Nagios scalability


#1

Hey guys, does anyone have experience using Nagios to monitor a large number of nodes?

I want to use Nagios to monitor link packet loss and I have about 2,500 links that need to be monitored. Do you think Nagios can cope with that? Using the check_icmp plugin .


#2

you won’t have a problem. once you hit 5000 or so hosts you might have to multithread or follow some other solution.
a number of large organizations use nagios. it’s hard to get scalability numbers because the number of hosts vs the number of service checks you have can have varied performance, and how often your service checks are running, and whether host checking is turned on, etc etc .

to give you an idea, we’ve got ~200 hosts and ~4500 passive service checks running at 1 min and 5 min intervals being received from various distributed nagios sites to a dualcore p4 3ghz, and its load averages ~0.25. This is nagios 2

I’ve heard of comparable hardware with a few more cores doing ~4000 hosts though.

check out
nagios.sourceforge.net/docs/3_0/tuning.html

if you have the option, set up your checks as services rather than defining 2500 hosts, and nagios will have absolutely no problem.

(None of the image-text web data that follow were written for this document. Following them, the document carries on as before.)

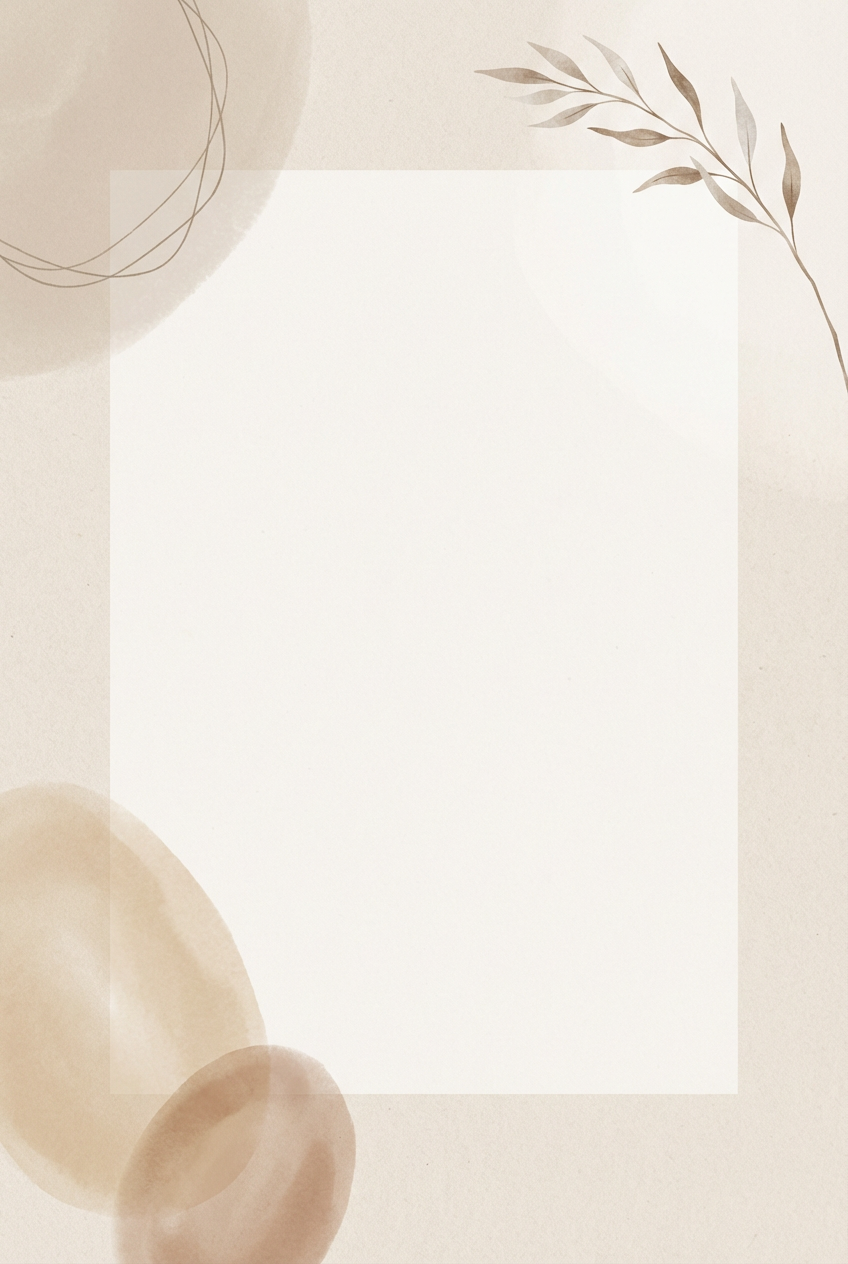 Nordic beige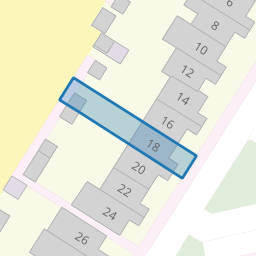 Perceel IMD00-L-5099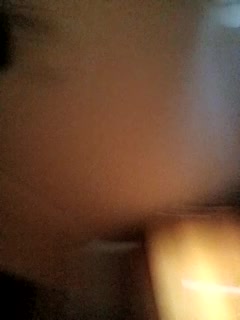 ROXOLANAA_SEXY Cam Show Recorded 2025-05-22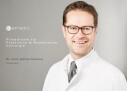 In der e-sthetic® Klinik in Essen empfängt Sie ein sehr sympathisches Team! www.e-sthetic.de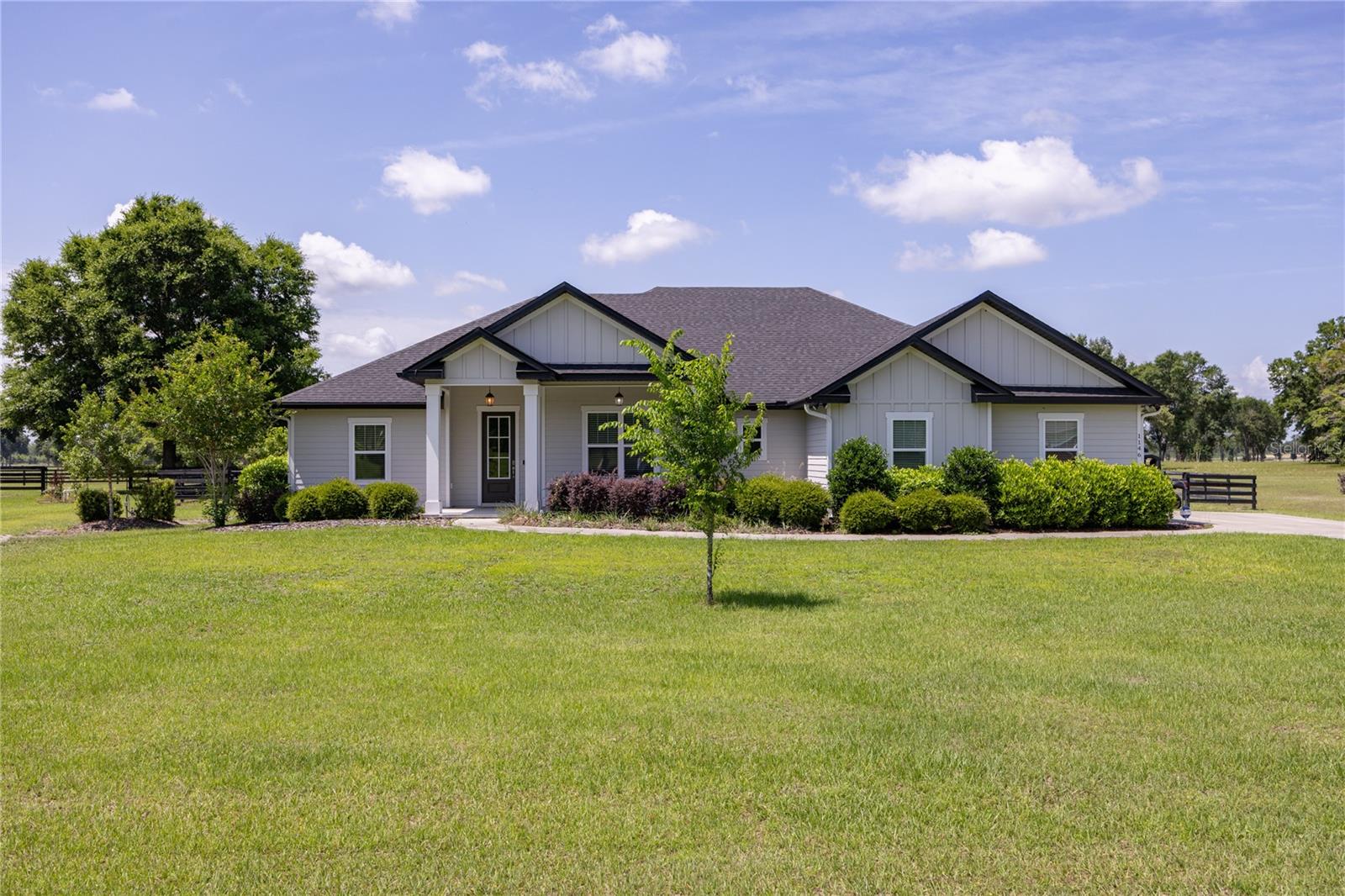 Photo of 1146 SW MANDIBA DRIVE LAKE CITY FL 32024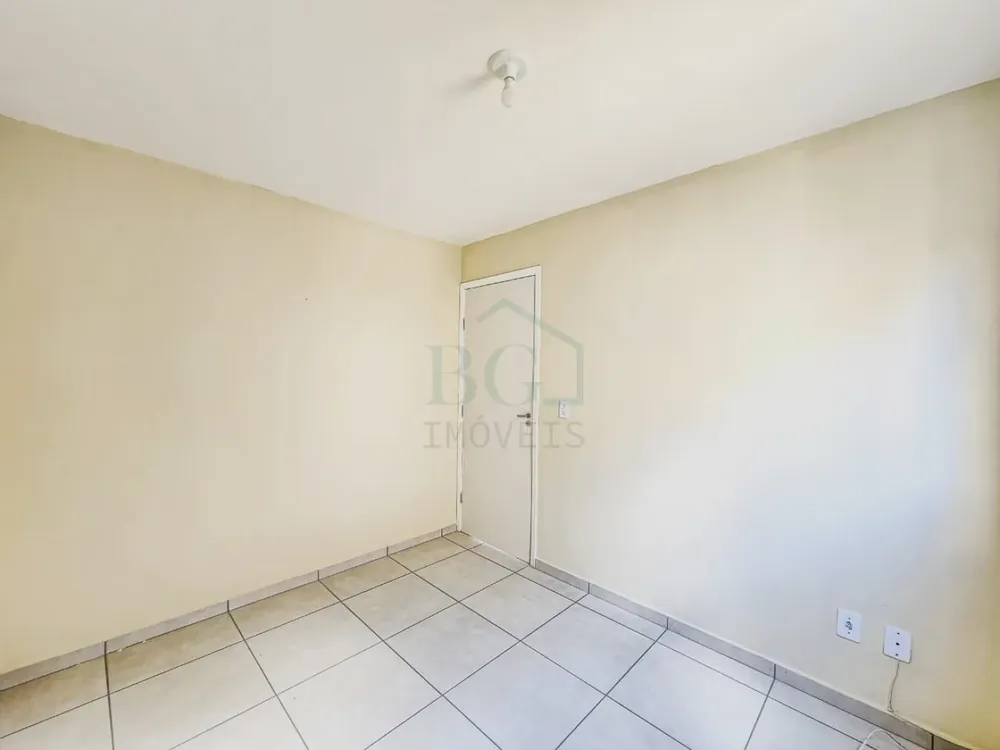 Apartamento, 2 quartos, 51 m² - Foto 6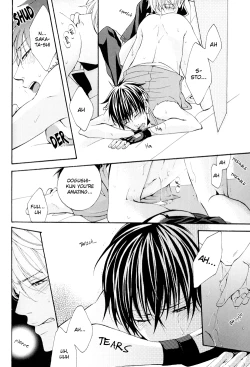 Page 26 of Remember Remember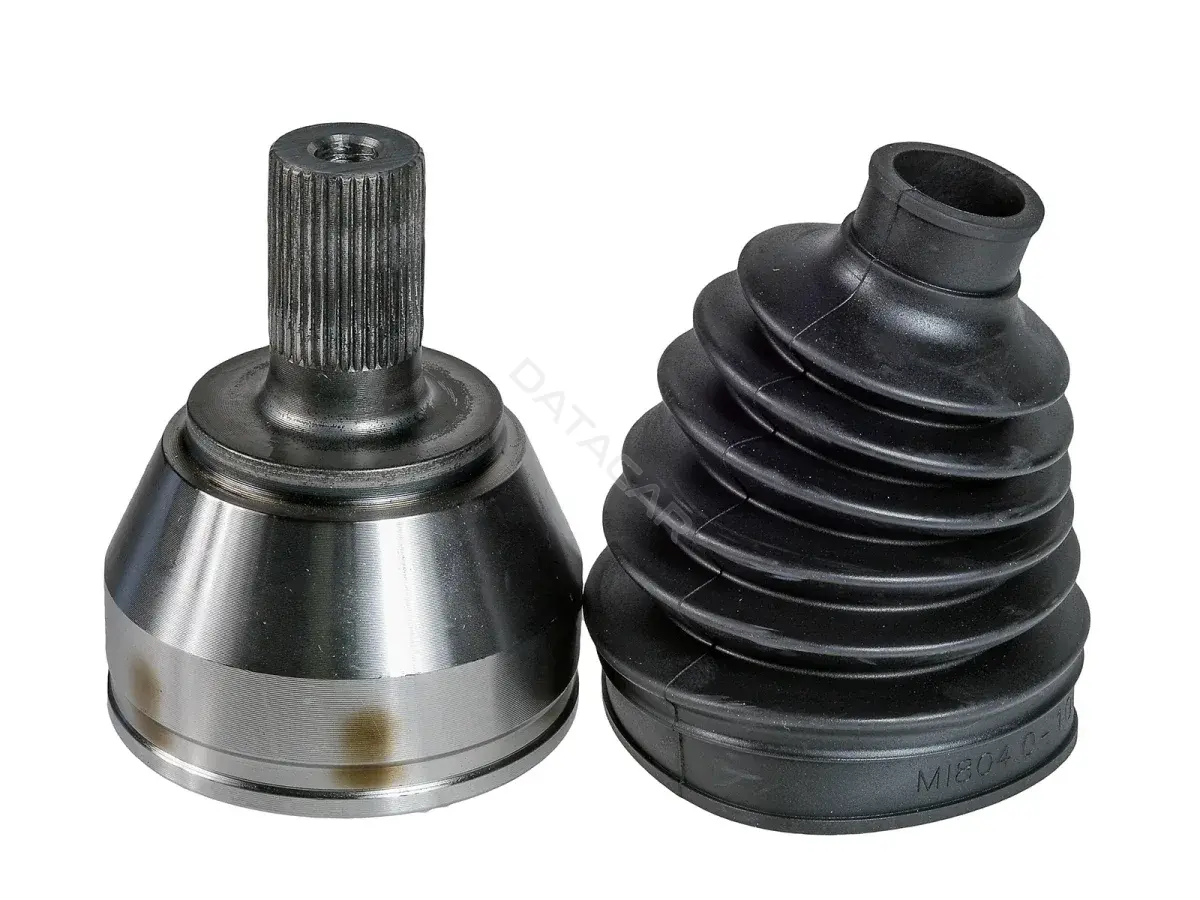 Шрус STELLOX 1501697-SX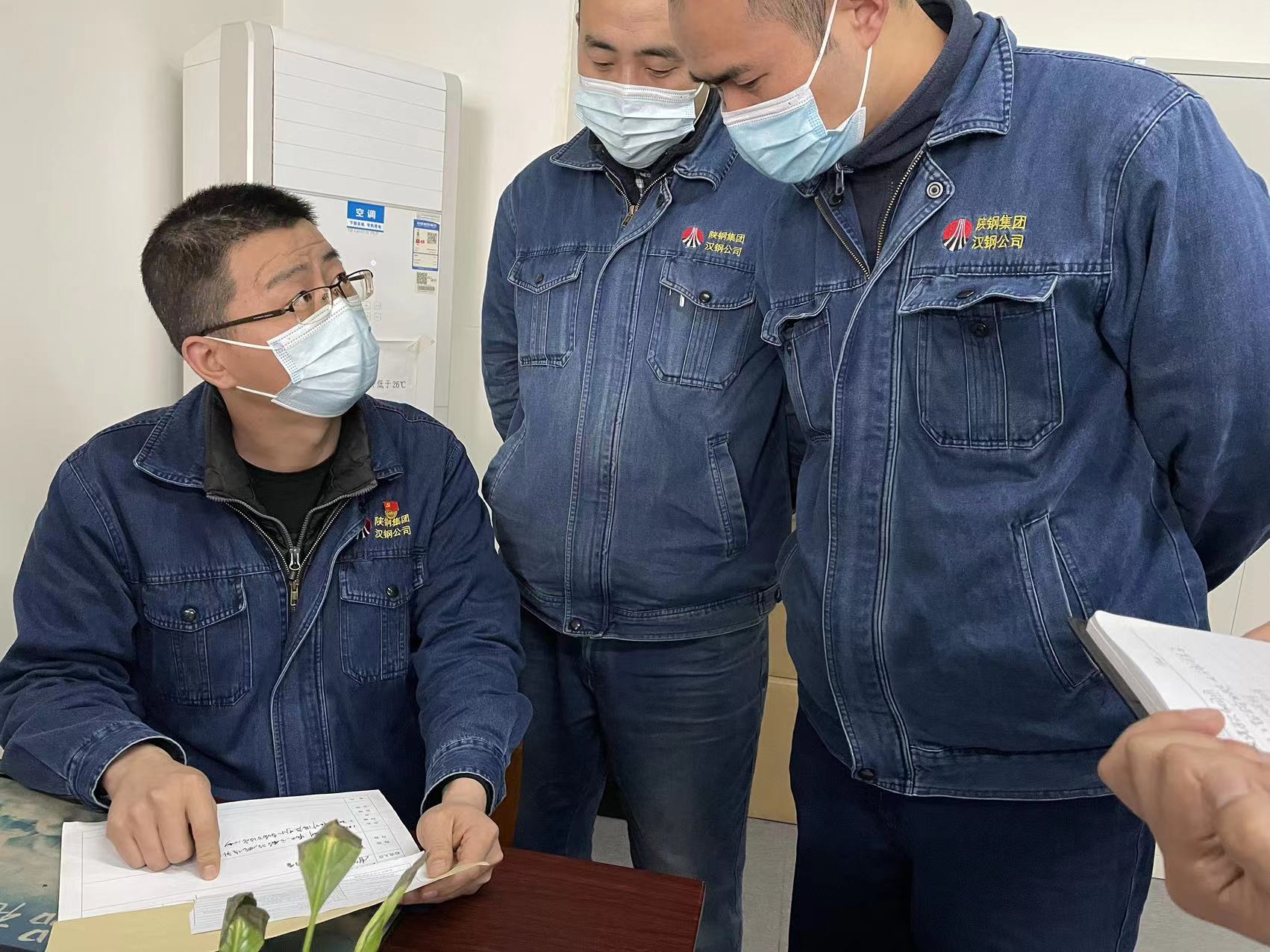 ���L(f��ng)���O(sh��)�x���� �h���I(l��ng)��������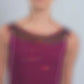 Maillot de Ballet LIORA de Ballet Rosa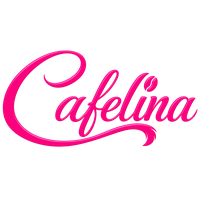 cafelina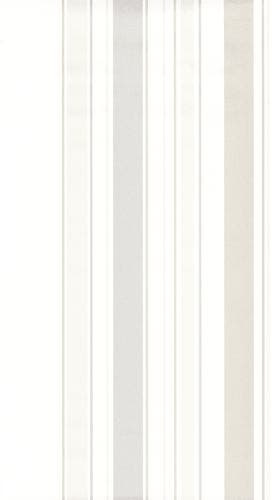 Casadeco - Rayures Beige Les Rayures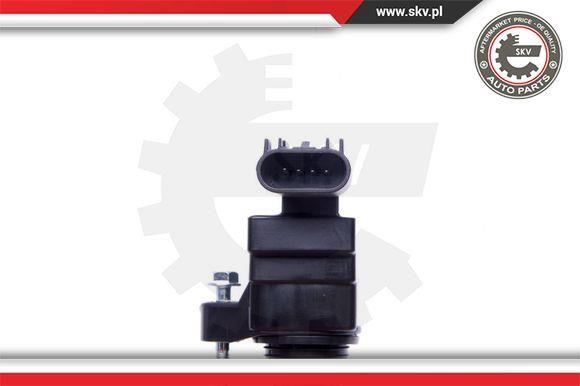 Buy Esen SKV 03SKV296 – good price at EXIST.AE!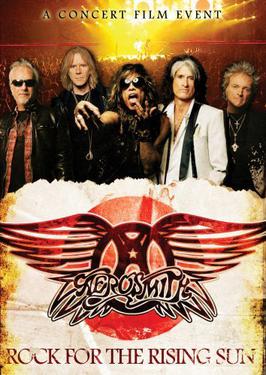 File:Aerosmith Rock for the Rising Sun cover.jpg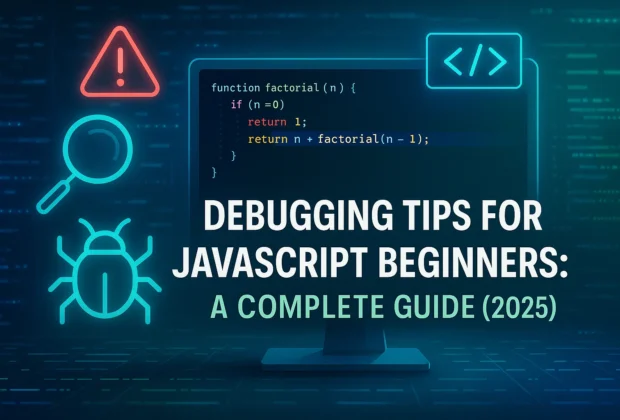 How to Build Your First REST API: Best Practices for Beginners
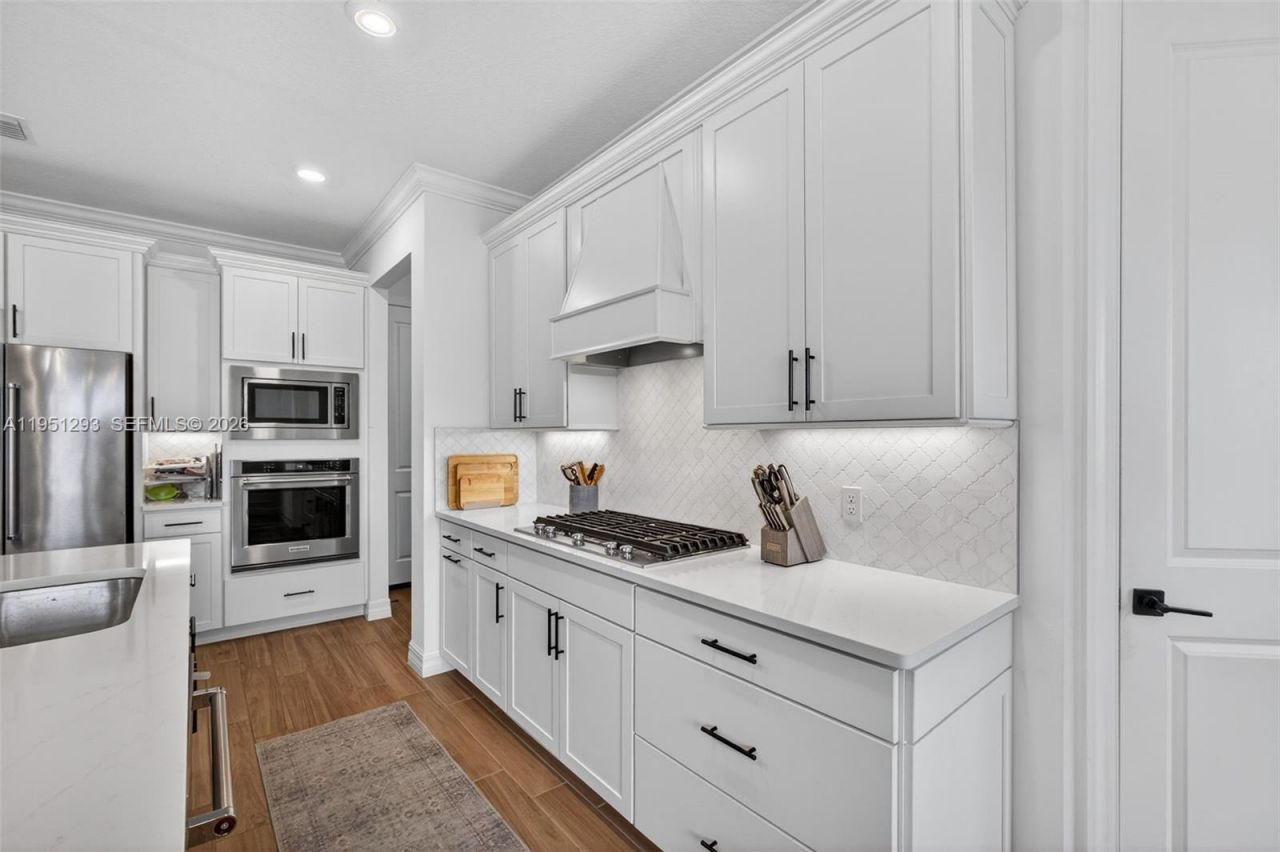 10752 Northbrook Cir, Palm Beach Gardens, FL 33412 Photo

You’ll be fine anyways though.


#3

Cool . Thanks for that. I understand many people use Nagios however i thought that around ~2-300 hosts would be the upper limit for most normal installations.

Here we have it monitoring 50 servers which results in about 500 service checks . But i am trying to make a case for it to monitor our WAN as well, which consists of approximately 2,500 routers.

I didn’t think many companies would have or want to monitor 2,500 hosts (which would result in about 10,000 service checks). Thats why i thought i’d ask :slight_smile: